→ DATA RECORDS:
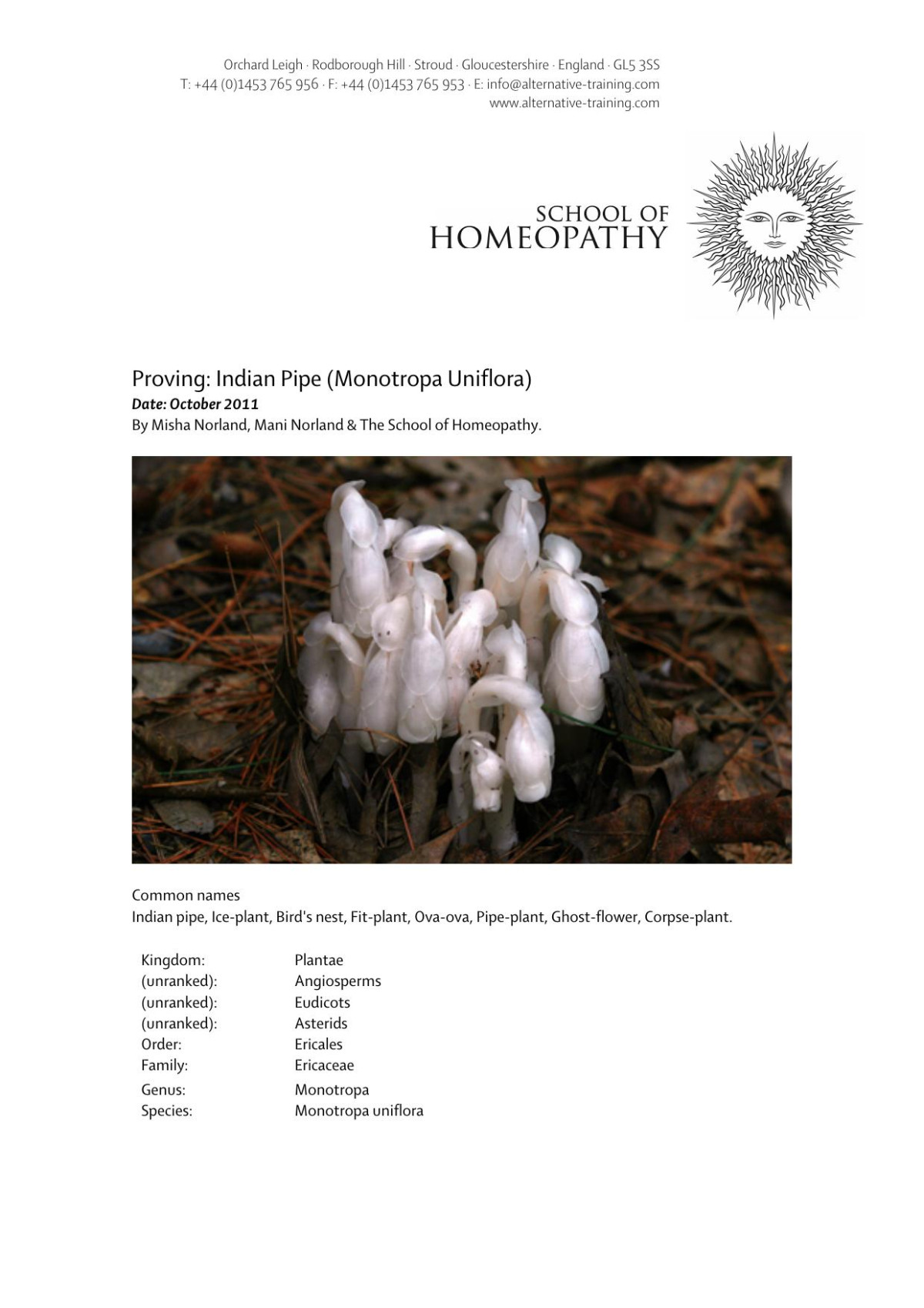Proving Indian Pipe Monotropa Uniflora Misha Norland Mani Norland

...

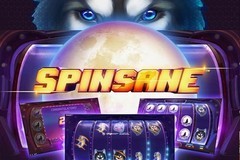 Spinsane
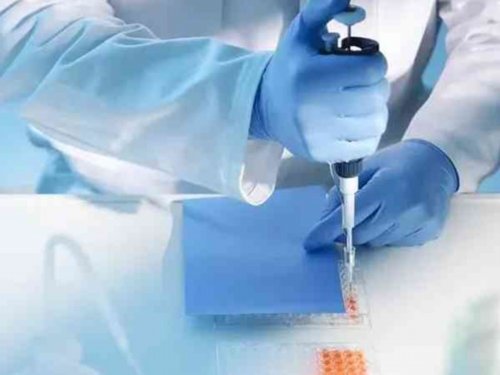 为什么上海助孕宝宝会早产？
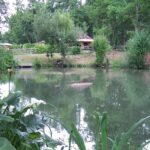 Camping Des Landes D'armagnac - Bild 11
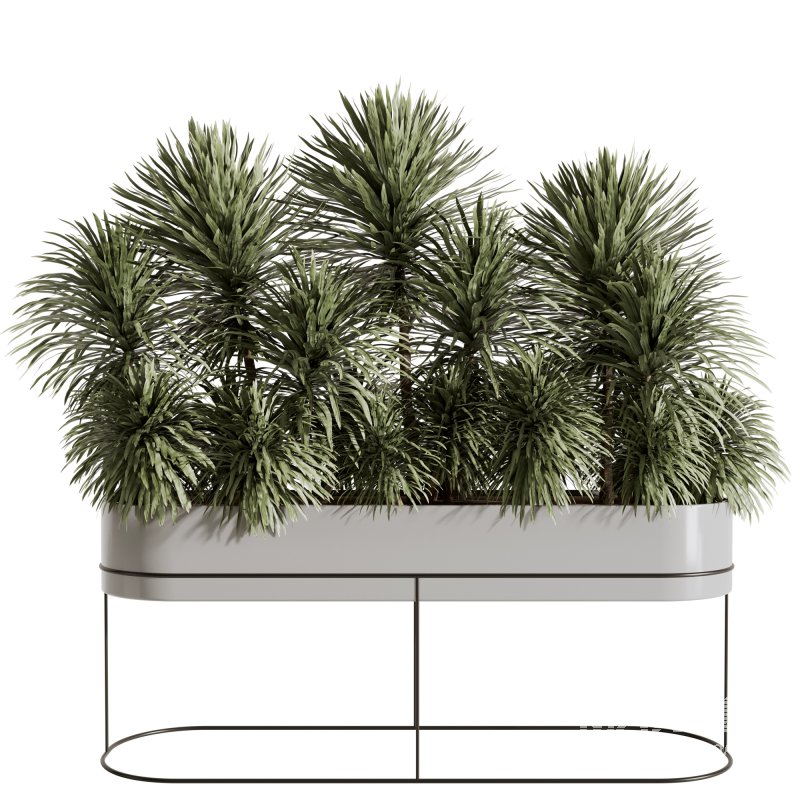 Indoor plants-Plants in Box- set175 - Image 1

→ EXERCISE BRIEF: Write out word for word the lines above that run from the one with "为什么上海助孕宝宝会早产？" to the one with "Indoor plants-Plants in". Include both end lines; exclude the images.

→ OUTPUT OF THE EXERCISE:
 为什么上海助孕宝宝会早产？
 Camping Des Landes D'armagnac - Bild 11
 Indoor plants-Plants in Box- set175 - Image 1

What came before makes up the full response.